Golden Friendships have come on leaps and bounds since the charity was founded in 2017. The charity has celebrated some major milestones including securing and buying their own premises and hosting the first ever ‘Red Ramp’ event at the Dalmuir-based, Golden Friendships Community Hall, aimed specifically at supporting its wheelchair users.

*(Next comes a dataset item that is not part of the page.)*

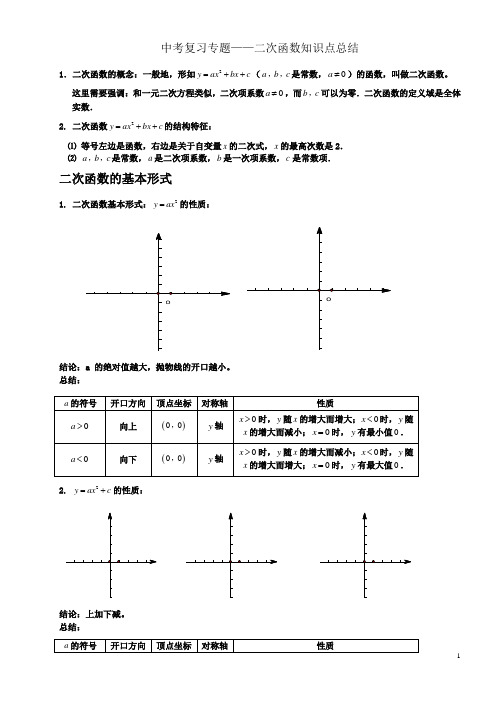 九年级二次函数知识点总结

Since the group was set up in January 2017 by founder Jim McLaren, it was run in what is now the former 543 Club, Dalmuir, and currently at the Golden Friendships Community Halls. At the end of January 2019, Jim was presented with the idea of buying the building – but it had an £80,000 price tag along with a five month deadline to get the cash. Jim said: “I take life as it comes, so I thought ‘lets have a go’.” By the end of June, a massive £84,000 was raised and an official opening day was held on July 1 to celebrate the club’s new home. Jim said this was his most memorable moment of 2019 and made him very proud. He added: “To me, the club belongs to the community. “The whole community rallied round. People handed in £10 donations and we had three separate cheques for £10,000. Ex-Bankies living all over the world sent money and all of our members pitched in.”
Two of the halls – the new theatre room and the main hall that is used for entertainment and karaoke have been named the “McArdle Suite”, after Laura McArdle – the first ever person to walk through the doors when Jim set up the club The other hall is the “Sweeney Suite” after Jim’s mum who was there on the first day, and has been there since, to help run the club. More than 10 different sessions and activity clubs are run throughout the week which cater for all ages and all types of people.

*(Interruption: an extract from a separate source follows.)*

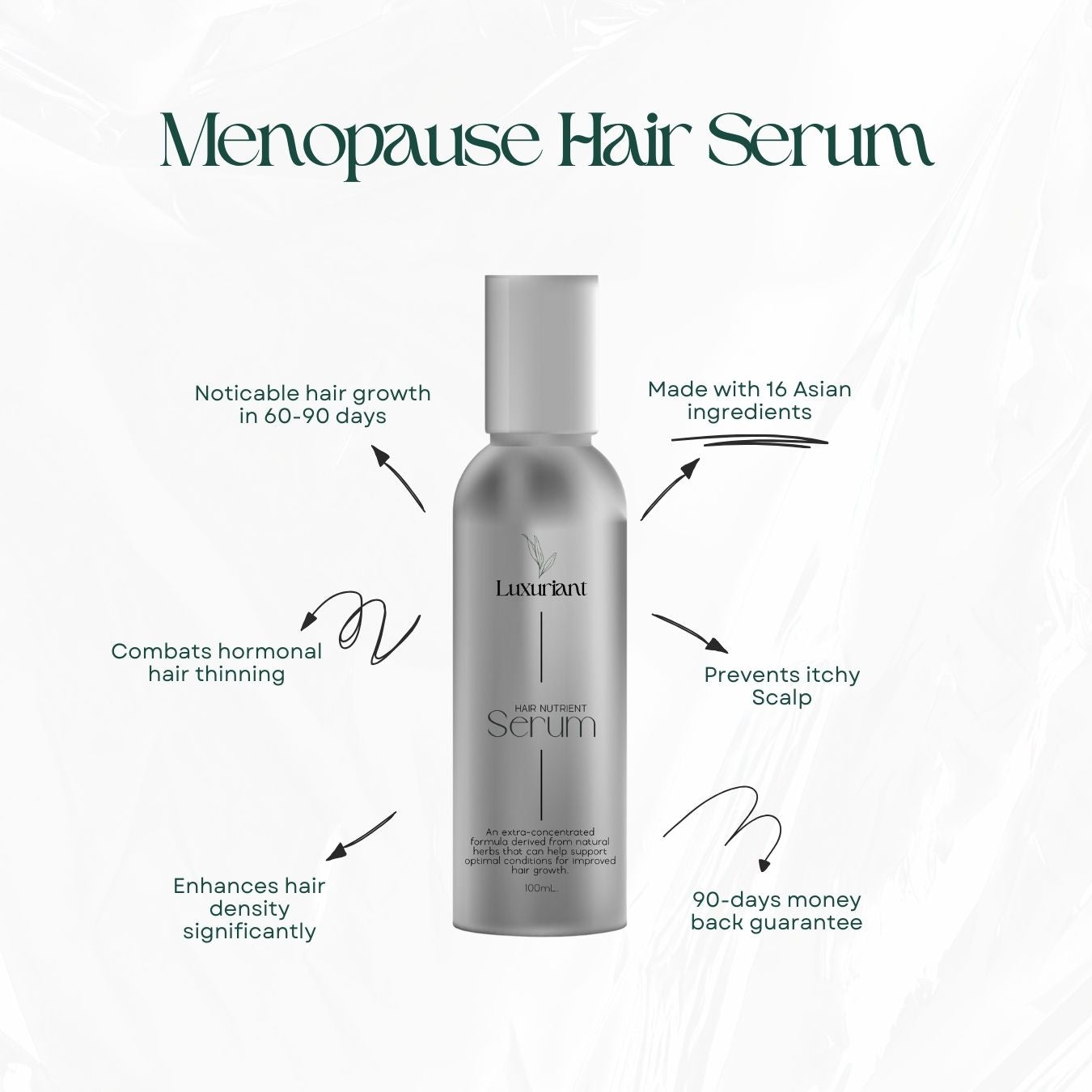 Menopause Hair Serum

Jim told the Clydebank Post: “I’m never out of here, I’m in seven days a week. It’s hard to let go, it’s like an obsession. But I’ve never been as happy in my life and it’s well worth it. It’s wonderful the friendships that get built.”
He added: “This is their club and that’s what I want it to be. The whole thing is about the community – we are here for them. I also want to do more for young adults with ASN. They get to a certain age and there’s no clubs for them anymore, so I want to provide something for them.”